WASHINGTON - As Georgia's political year dawned, visions of Republican-held congressional seats danced in the eyes of Democrats while Republicans dreamed of Sen. Sam Nunn's soon-to-be-vacant seat.
Republicans also boasted that 1996 would be the year when at least one chamber of the Democratic-controlled Georgia legislature would fall to their decade-long assault at the ballot box.
But as the year drew to a close, Georgia's political landscape is largely unchanged, despite the expenditure of millions of campaign dollars and the saturation of the airways with thousands of political ads.
"In the most visible kinds of contests, the things that people were watching, there was no movement at all," said Charles Bullock, a political scientist at the University of Georgia. "Incumbents won where there were incumbents, and where there wasn't an incumbent, the front runners held on."
Two events in late 1995 set the political stage for the year and created most of the soaring expectations that ultimately went unfulfilled for both political parties.
The first was Mr.
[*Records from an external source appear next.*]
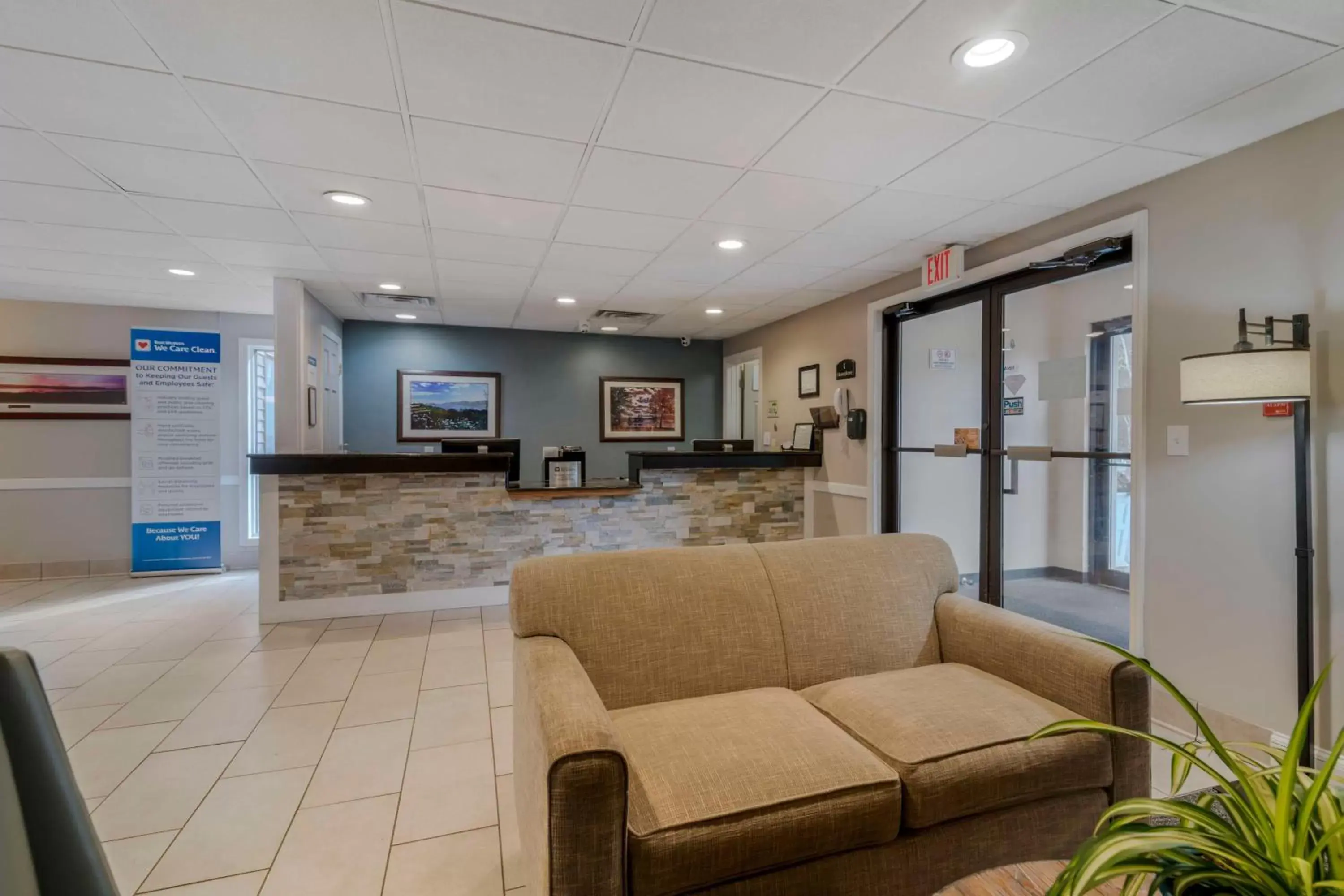 Lobby or reception, Lobby/Reception in Best Western of Lake George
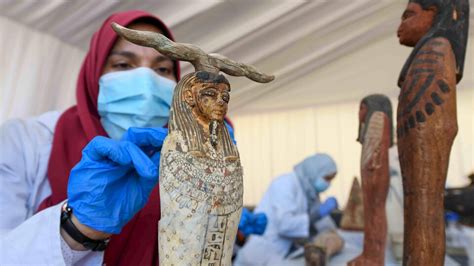Une Centaine De Sarcophages Intacts Découverts En Égypte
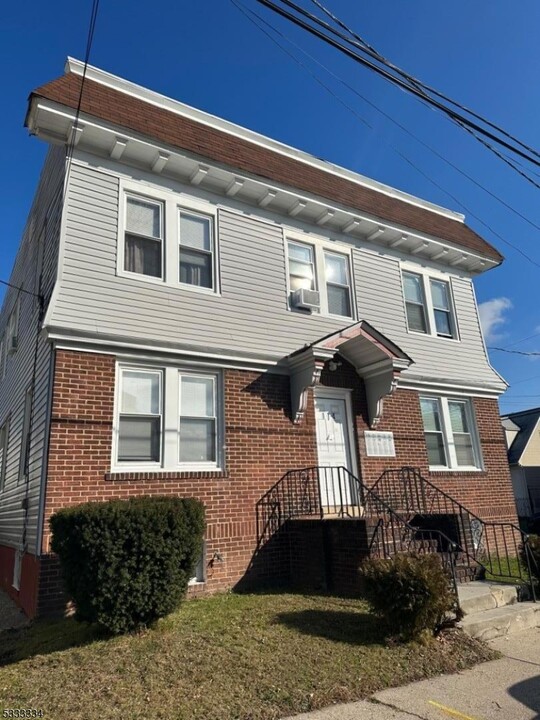 114 Delmar Pl in Irvington, NJ - Building Photo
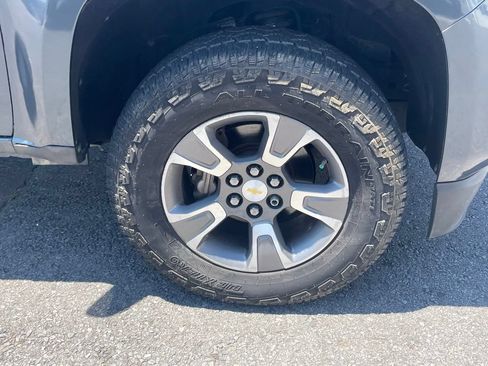 Used 2015 Chevrolet Colorado Z71 AWD/4WD image 29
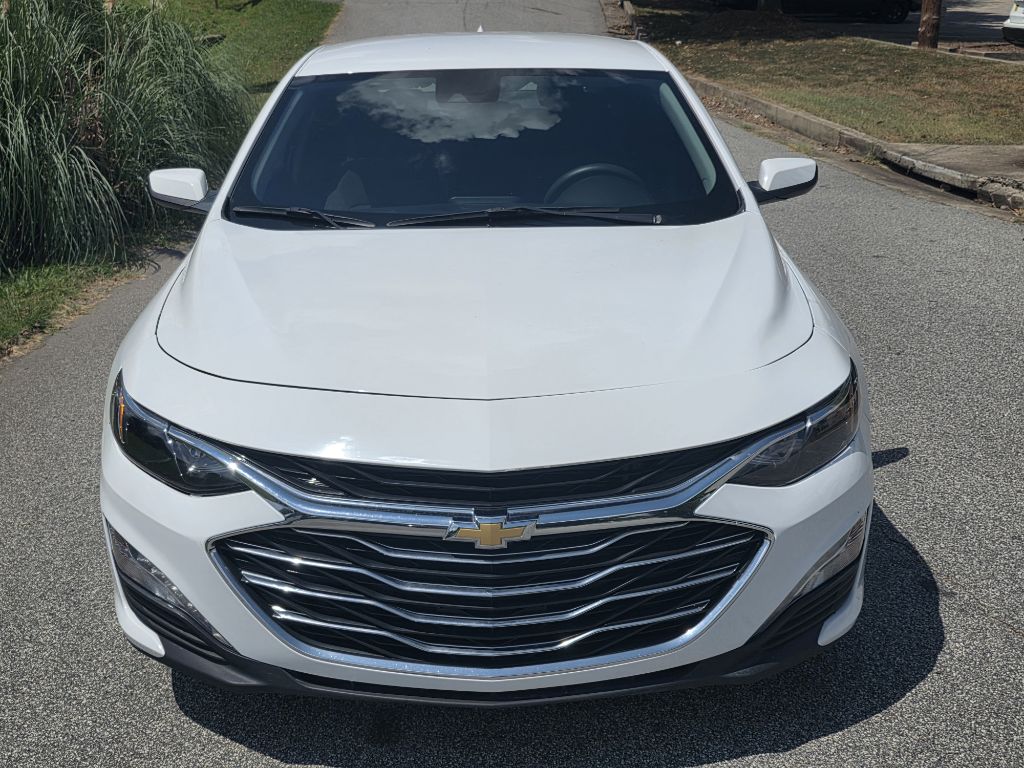 Photo 8 of this CHEVROLET MALIBU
Nunn's announcement that he would not seek re-election to a fifth term in the Senate, giving the GOP a legitimate shot at a seat they likely wouldn't have contested if the popular Mr. Nunn had run.
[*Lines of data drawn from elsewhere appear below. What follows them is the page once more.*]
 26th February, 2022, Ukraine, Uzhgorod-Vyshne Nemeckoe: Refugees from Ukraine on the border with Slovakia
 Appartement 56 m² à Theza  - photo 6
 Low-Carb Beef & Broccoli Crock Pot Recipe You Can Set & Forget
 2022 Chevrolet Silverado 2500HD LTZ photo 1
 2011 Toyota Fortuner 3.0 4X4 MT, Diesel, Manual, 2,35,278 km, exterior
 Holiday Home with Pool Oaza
Millionaire businessman Guy Millner, who narrowly lost to Gov. Zell Miller in 1994, emerged from a field of five GOP candidates to take on Mr. Cleland, who was unopposed in his party's primary.
Mr. Millner spent more than $6 million of his own money on a largely negative campaign attacking Mr. Cleland's ethics and judgment. But Mr. Cleland prevailed by billing himself as the candidate of the "sensible center" while cashing in on his popularity as a triple-amputee Vietnam veteran.
In a race where more than 2.2 million votes were cast, Mr. Cleland beat Mr. Millner by just 30,024 votes.
The other major 1995 event that shaped Georgia's political year was the Supreme Court ruling declaring the majority-black 11th congressional district unconstitutional.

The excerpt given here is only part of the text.